In parallel, Vision Transformers (ViTs) [6] have demonstrated that modeling images as sequences of patch tokens with self-attention can capture global structure and context more effectively than CNNs [7,8,9] albeit at the cost of high data requirements. Recent works such as ViTGAN [8] and TransGAN [7] adapt pure-transformer architectures for GANs, showing that transformers can excel generation when combined with robust regularization. In data-limited scenarios, however, these methods either lack adaptive augmentation mechanisms or struggle with the memory demands of high-resolution global attention.

This work bridges these two paradigms by integrating a multi-scale ViT discriminator into StyleGAN2-ADA’s adaptive augmentation loop. The core insight is that global self-attention naturally regularizes discriminator confidence across distant image regions, counteracting the overfitting that plagues convolutional discriminators in data-scarce settings.

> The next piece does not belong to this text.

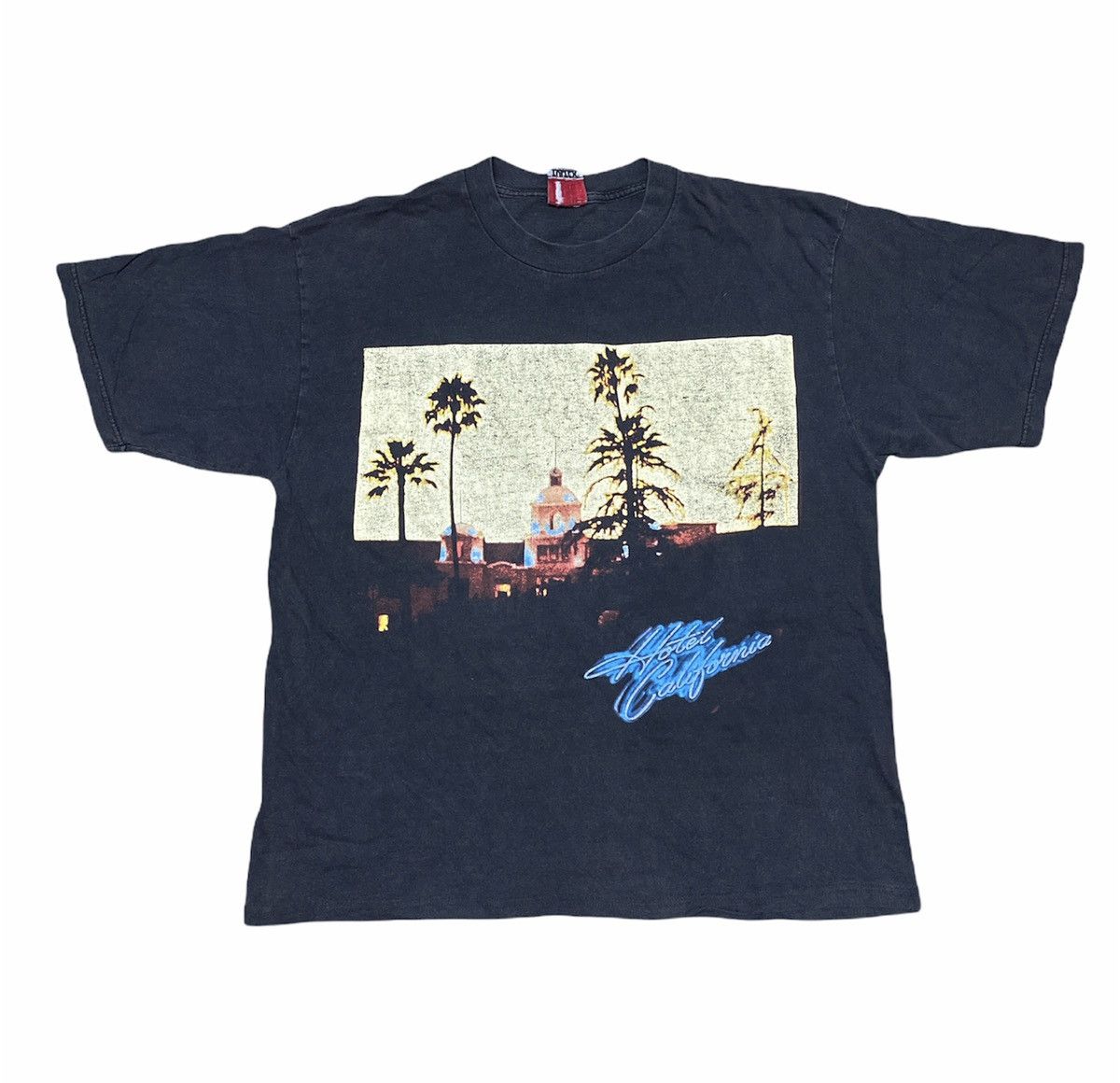 Vintage 90s Eagles Hell Freezes Over 1994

By uniting this with ADA’s dynamic transformations and ViT-based augmentation, along with additional differentiable augmentations and consistency regularization, we craft a discriminator that can guide the generator and enforce global coherence. We show consistent improvements in Fréchet Inception Distance (FID) and Inception Score (IS) by systematically evaluating the proposed framework ViT-D-StyleGAN2-ADA on FFHQ, AFHQ subsets, and CIFAR-10. Our work makes the following key contributions:

A multi-scale ViT discriminator that replaces the CNN-based discriminator of StyleGAN2-ADA. It employs efficient grid-based self-attention, effectively capturing both local textures and global image structures.
We adopt two patch-level augmentations: Patch Dropout and Patch Shuffle, that operate directly on token embeddings. These augmentations adjust dynamically based on discriminator feedback, reinforcing local detail preservation and global coherence.
Transformer-specific loss adaptations, including token-level gradient penalties (R1) and Path Length Regularization (PLR) applied directly to the ViT class token, to enhance stability and convergence.
We tailor the training recipe for data-limited regimes by incorporating relative position encoding, token-wise normalization, and ADA heuristics, stabilizing adversarial learning.

2. Related Works

GANs have been extended to semi-supervised [12], fully supervised [13] and reinforcement learning [14], with success in image synthesis [4,15]. Key advancements include improved losses (WGAN GP [16], non-saturating loss [3]), architecture (StyleGAN [17], BigGAN [18]), and normalization (Spectral Norm [19]). StyleGAN2 [15] refined style-based generation with path length regularization (PLR). StyleGAN2-ADA [3] addresses discriminator overfitting in small datasets using ADA to apply stochastic, invertible image transformations. ADA avoids issues in methods like RandAugment [20] and consistency regularization [11,21] adjusting augmentation strength based on real vs fake confidence, ensuring consistent generalization across dataset sizes [15]. It achieves state-of-the-art performance on small datasets like BRECAHAD [22] and CIFAR-10.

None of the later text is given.